NEW YORK (GenomeWeb) — Researchers at the University of California, Santa Barbara have developed a new PCR platform for low-resource settings that utilizes heat generated by a personal computer to perform thermocycling, and detects amplification using a mobile phone camera.
The PC-PCR-phone platform, called P3, is designed to amplify nucleic acids directly from blood using capillary tubing loaded with reagents, and, in a recent study, was proven to be able to amplify genomic DNA of Trypanosoma cruzi, the parasite that causes Chagas disease, from whole blood at concentrations four-fold below clinical titer.
The P3 platform was developed in the lab of Tom Soh at UCSB. Faye Walker, an engineering graduate student in Soh's lab, was first author on a paper describing P3 recently published in Analytical Chemistry.
"Anyone who has had the experience of running five data analysis applications, blasting music, and streaming online videos at once will be keenly aware of the waste heat generated by their computer," Walker told PCR Insider in an email this week.
Kareem Ahmad, a Soh lab alumnus and study co-first author who is now a scientist at Illumina, originally had the idea that "the energy expended during computational work could be harnessed for use in the biomedical field," Walker said.
"It only took several minor adjustments to a routine PCR protocol — an initial stepdown phase to account for temperature variances, and DMSO to lower the denaturing temperature of duplexes — to turn his dream of P3 into a reality," she said.
The P3 uses two software programs in tandem, creating a closed-loop feedback to automate the thermal cycling process, Walker said.
With one program, "it is possible to control all the cooling fan units in the PC by linking those fans to temperature monitors provided with the PC hardware. In this case, we use the software to access the internal thermocouple of the CPU [and] based on a set temperature that we input into [the software], the cooling fan for the CPU will automatically be manipulated to perform the cycles of PC-PCR," she said.
The second piece of software maximizes the CPU usage in parallel with the heating steps of the PCR reaction, "so that the temperature is as high as possible within the allowable bounds of CPU operation," Walker said.
The current method utilizes unprocessed blood samples, which do tend to contain PCR inhibitors.

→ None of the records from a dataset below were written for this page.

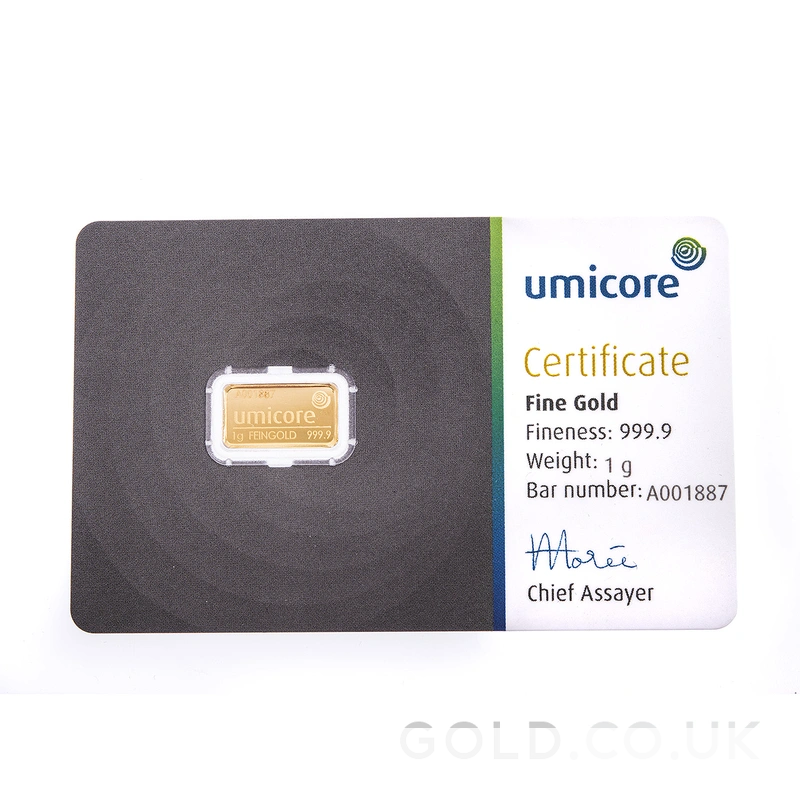 1g Gold Bar Umicore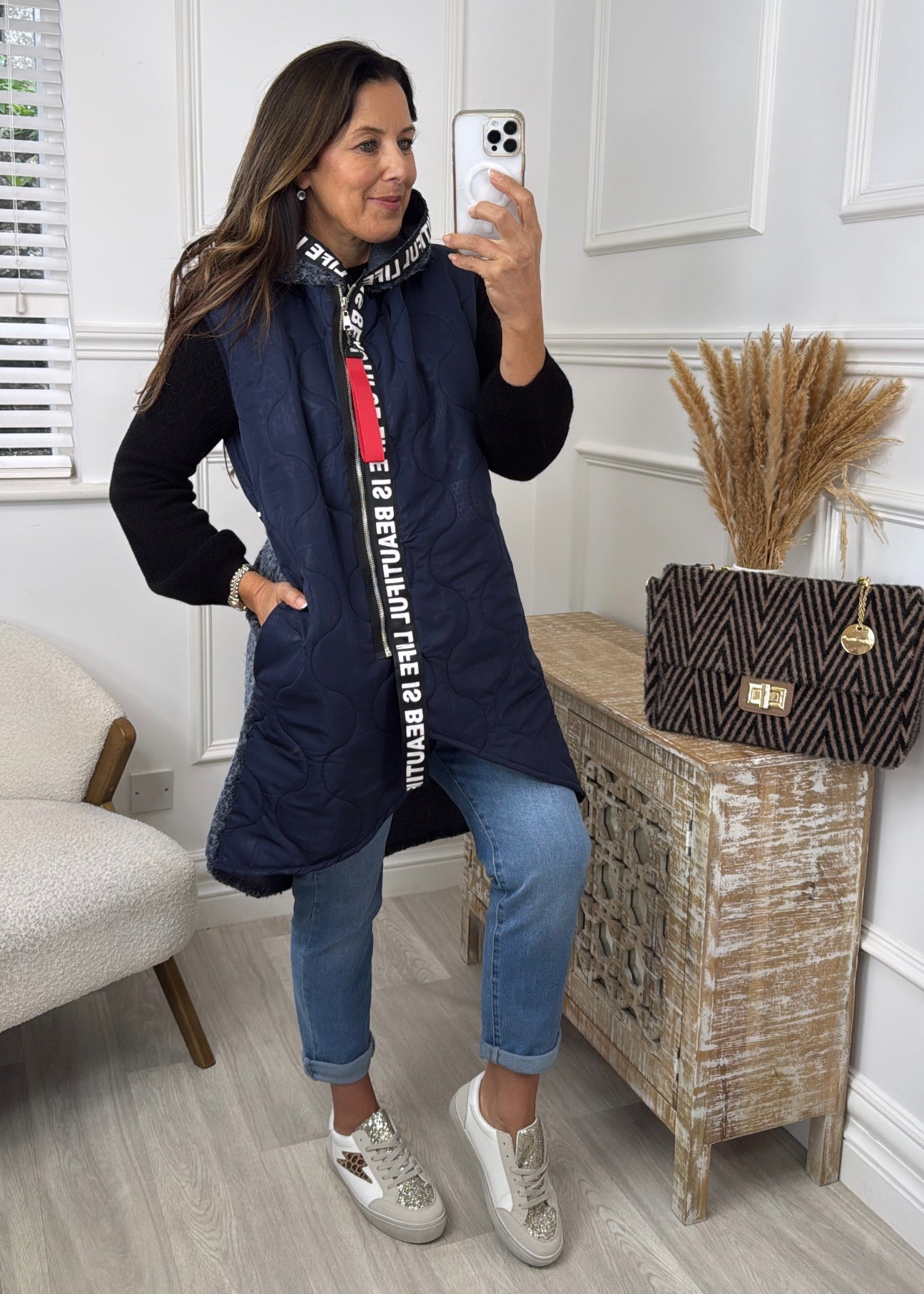 Ceoline Navy Gilet with Back Detail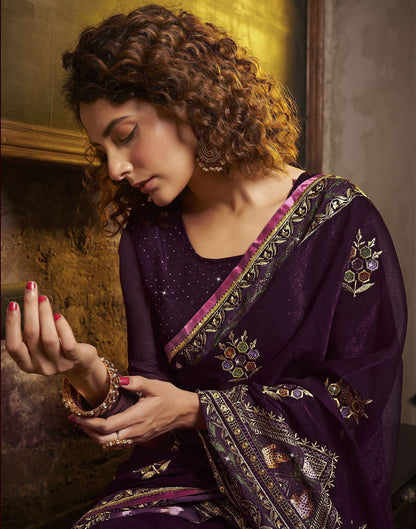 Wine Plain Chiffon Saree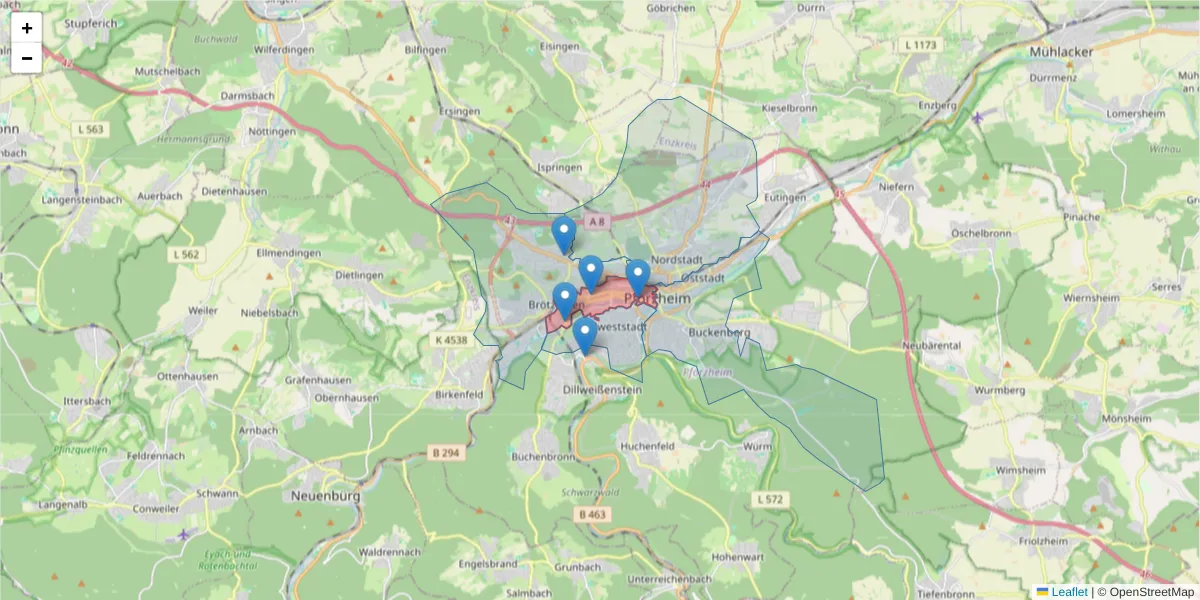 Karte des Postleitzahlen Bereichs  und der umliegenden Postleitzahlen in Deutschland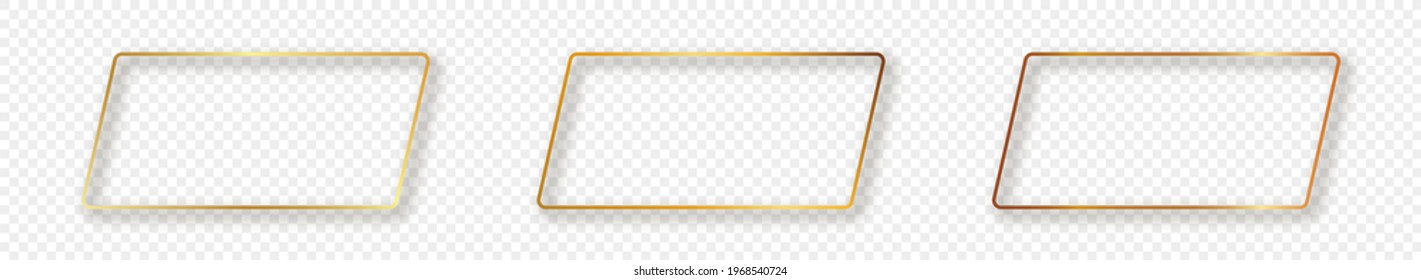 Set of three gold glowing rounded rectangular shape frames isolated on transparent background. Shiny frame with glowing effects. Vector illustration.
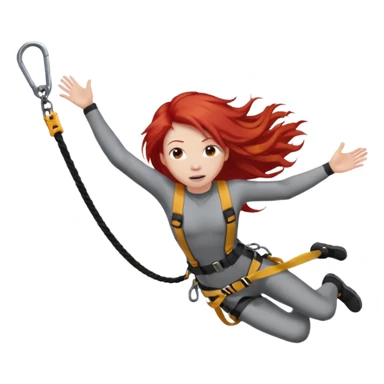 bungee jumping face only with hair flying red long hair sticker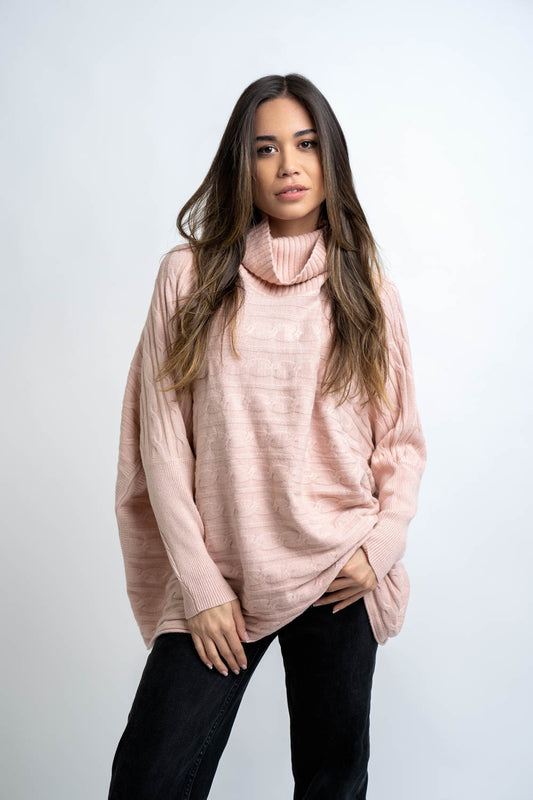 Pull façon Poncho Torsade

For this reason, the protocol relies on a mutant Taq polymerase, Hemo KlenTaq, from New England Biolabs. "Hemo KlenTaq is resistant to the inhibitors present in whole blood, and is able to tolerate the 5 percent of human blood used in our P3 experiments with T. cruzi genomic DNA, [so] no extra technical steps to extract DNA are required," Walker said.
The platform also uses capillary tubes pre-loaded with PCR reagents — polymerase, oligos, dNTPs, dye, and buffer. "All that is required on the front end is addition of a blood sample to the tubing," she said.
The choice of perfluoroalkoxyl, or PFA, tubing for the capillaries "means that the tubes have a minimal exposure to outside air during the sample prep, are narrow enough to fit within the fins of the heat sink cooling fan for carrying out PC-PCR, and have a low intrinsic fluorescence in the final imaging stage," she added.
The system can run up to 29 samples simultaneously, in its current configuration.
Low-resource settings, however, do not always have reliable sources of electricity. Overcoming reliance on power sources is the next step in development, Walker said. "By carrying out PC-PCR on a laptop instead of a PC, and visualizing end-point fluorescence using blue light instead of a UV transilluminator, we could effectively create a portable, nucleic acid-based diagnostic device."
Walker suggested that the switch to LED visualization would also further lower the cost of equipment.
In addition to migrating the system to a laptop and using LED light for detection, the team intends to demonstrate the platform is more broadly useful for "a vast range of infectious, inherited, and genetic diseases that have been characterized for use in PCR-based assays," Walker said.
Soh's lab had previously developed a platform called Magnetic Integrated Microfluidic Electrochemical Detector, or MIMIED, an aptamer-based technology used to detect influenza H1N1 by RT-PCR. That platform came out of a larger project that was funded by a $3.2 million grant from the National Institutes of Health to develop a system to discover and mass produce high-performance aptamers for use in point-of-care diagnostics and other applications. One of the developers of MIMIED is now CEO at Santa Barbara-based start-up Aptitude Medical Systems, Walker said, so "that technology may very well make an appearance in industry soon."